"I, for one, welcome our new insect overlords."
That is the Kent Brockman line from "The Simpsons" that Newsweek staffers fear they might have to repeat in some form if their magazine is purchased by NewsMax aka "insect overlords." To make all the nervous liberals out there feel better, Howard Kurtz of the Washington Post which owns Newsweek has given some reassurances that the NewsMax purchase might not happen. The problem for Newsweek staffers and liberals is that Kurtz doesn't sound exactly confident plus he sure doesn't make that magazine seem like an appealing property:
While journalists get into the business for various reasons -- vicarious thrills, investigative zeal, outsize ego -- ultimately they're at the mercy of the marketplace. And that marketplace seems to have sent a very discouraging message to Newsweek.
But the picture is more complicated than the downbeat media reports last week, perhaps best captured by this Gawker headline: "Bunch of Wackos Bid on Newsweek."

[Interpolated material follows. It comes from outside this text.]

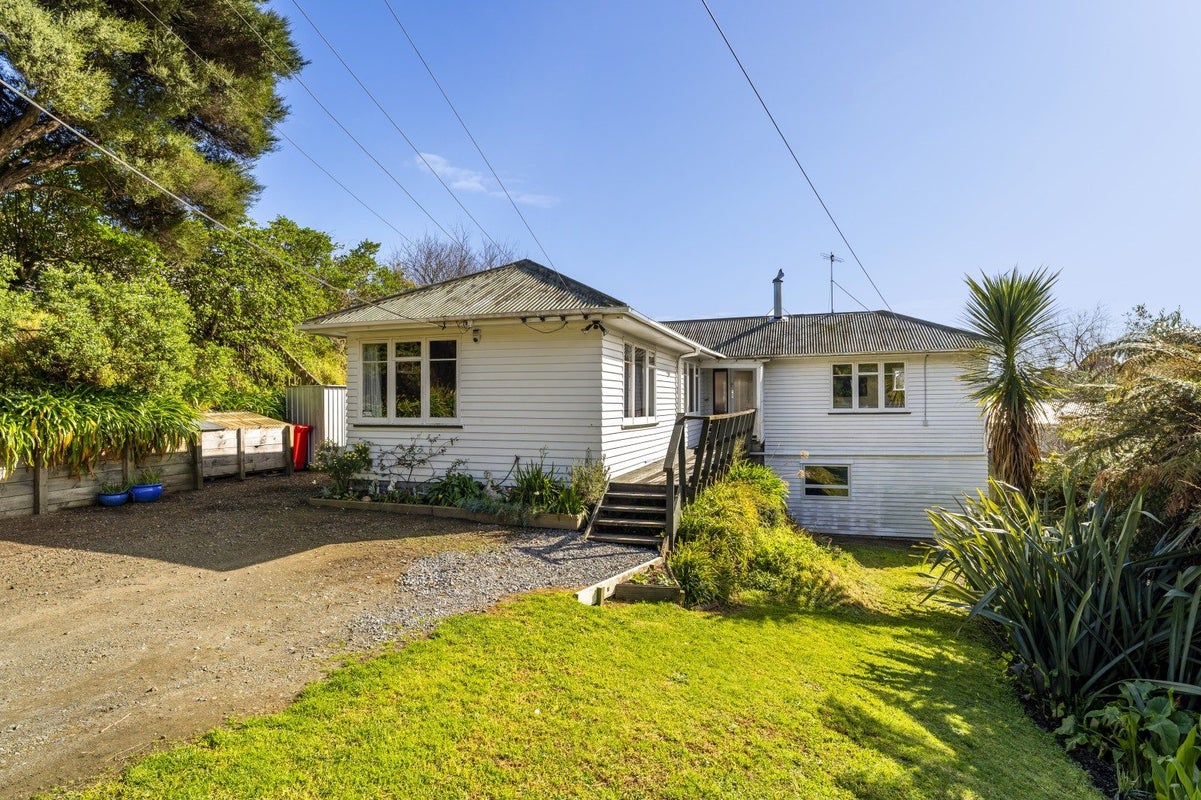 61 Tiromoana Road, Raumati South, Paraparaumu - Carousel 1
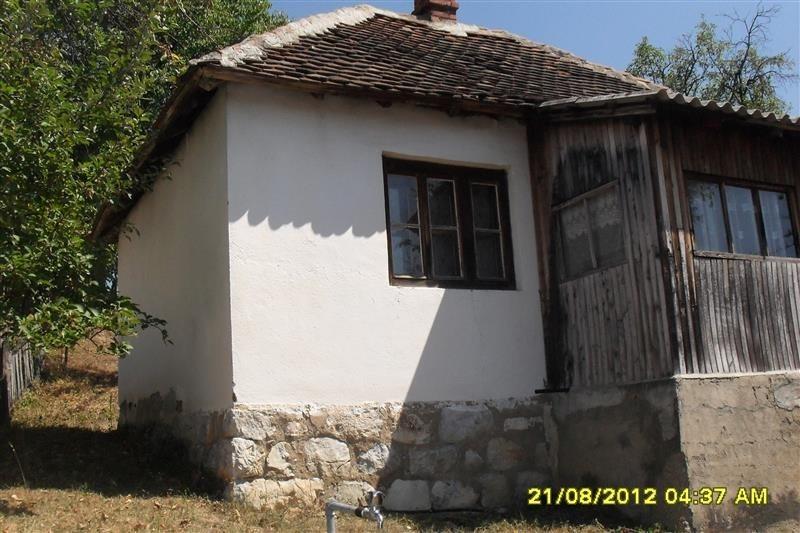 Seosko-domacinstvo-11km-od-centra-Divcibara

Gawker of course meant NewsMax.
Kurtz tells us that only three companies have placed preliminary bids for Newsweek but "reassures" us with the "inside info" that a supersecret source (his editor?) stated that there are really other substantial bidders out there as well...even though they failed to put in a bid when they had a chance:
Three companies have been identified as having submitted preliminary bids to The Washington Post Co. by Wednesday's deadline, and none of the firms is particularly impressive in national reach and resources. But a source familiar with the Newsweek situation, who would not be identified discussing private negotiations, says a number of other substantial suitors -- both corporations and wealthy individuals -- have formally expressed interest as well.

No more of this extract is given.